Last night, we took them to the guthrie to see Pillowman. I have linked a review of the play rather than the official site because it is a review i very much agree with. At first glance Pillowman is supposed to be a "dark comedy/thriller." Unfortunately, it was a depressing, causterphobic tale of child torcher, murder and unfair interrogation. The artistic director states in the director's notes that "I hope it raises questions for you about censorship, freedom of expression and artistic responsibility," and we are invited to come back on sunday for a discussion group after the matinee show. Perhaps the artists are asking us to compare these interrogation techniques to what's happening in guantanamo bay. Or maybe they would like to compare the US's own unfair and bias police tactics nationally with that of the investegators portrayed in they play. Or perhaps question our own freedom of expression and how that is being challenged today. I had the feeling i was supposed to leave this play angry and frustrated about these things and talk about these current events. Unfortunately, the peculiar backstories of each of the characters and the writer's stories themselves were too distracting.

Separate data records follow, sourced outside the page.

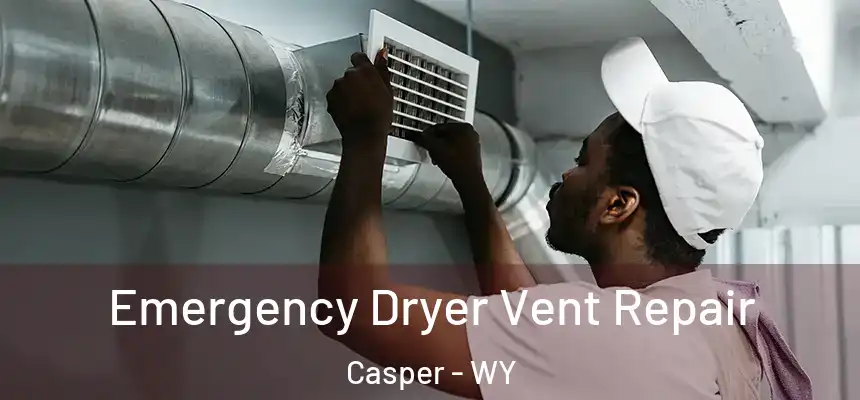  Emergency Dryer Vent Repair Casper - WY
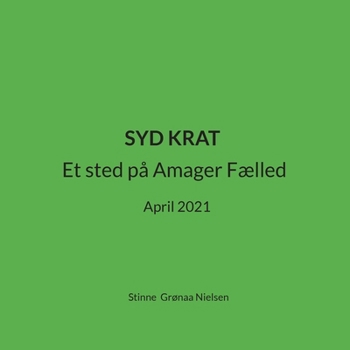 Paperback Syd krat: Et sted på Amager Fælled April 2021 [Danish] Book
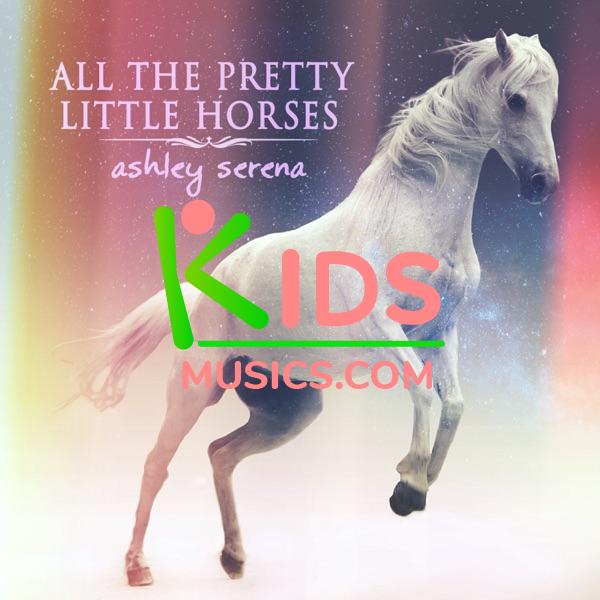 All the Pretty Little Horses  Download mp3 free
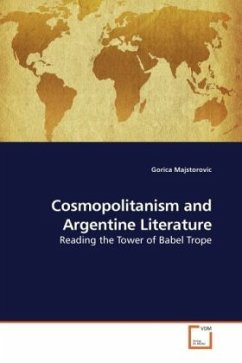 Cosmopolitanism and Argentine Literature - Majstorovic, Gorica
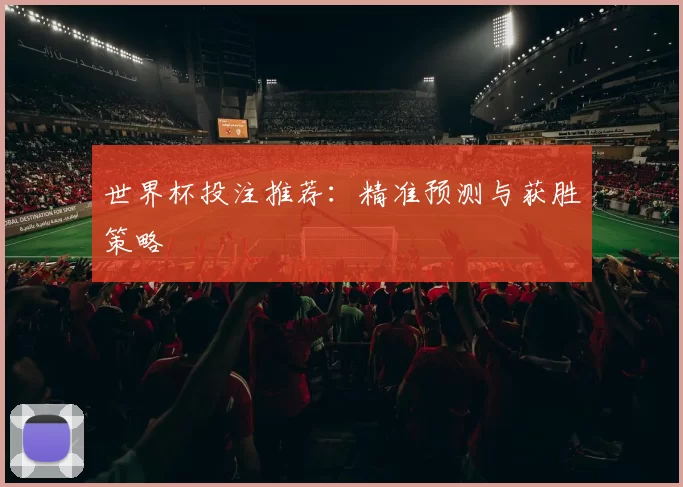 世界杯投注推荐:精准预测与获胜策略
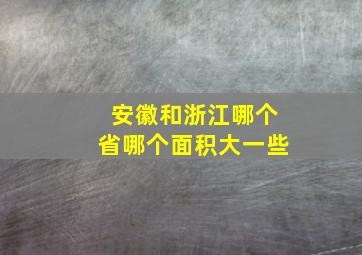 安徽和浙江哪个省哪个面积大一些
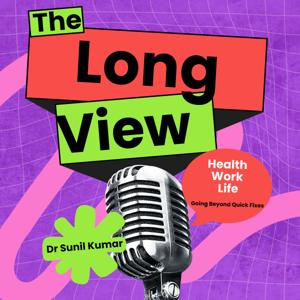 The Long View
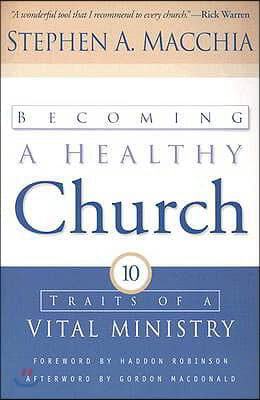 Becoming a Healthy Church: Ten Traits of a Vital Ministry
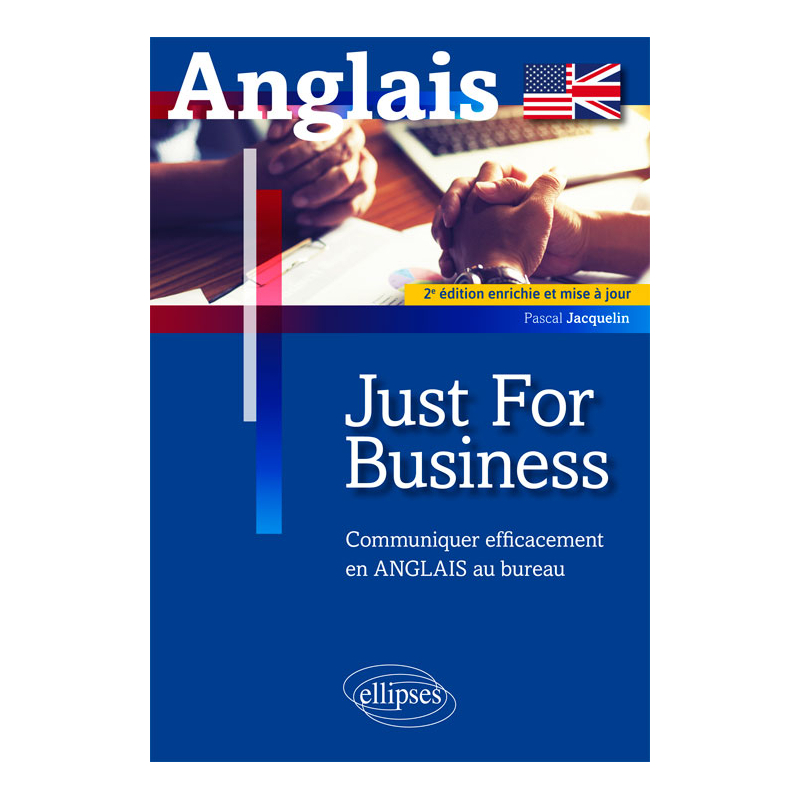 Just for business. Communiquer efficacement en anglais au bureau. 2e édition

After a night of strange dreams and nightmares, this morning, we had an artistic cleansing of the palate by attending the Heart of the Beast for the children's puppet show. What a great show! My toddler was a little hessitant of the puppets at first, but quickly warmed up to the loveable characters and the occasional song. We will definately be doing more of this on saturday mornings and highly recommend it.

We took the visitors to the cabin for a night and duluth for a night. Above is a pic of my daughter enjoying a chocolate ice cream on the shores of lake superior. We caught the height of fall colors and had surprisingly warm temperatures. One of the highlights of this little trip was Hells Kitchen just opened their 2nd restaurant right across the street from our hotel in canal park! Gawd..i'm not a big breakfast person, but OMG: They make it a damn good meal.
Finally, my toddler had her very first art show. I don't think she made any money, but you know what they say about your first art show....It's all about getting the word out about her art, not making money.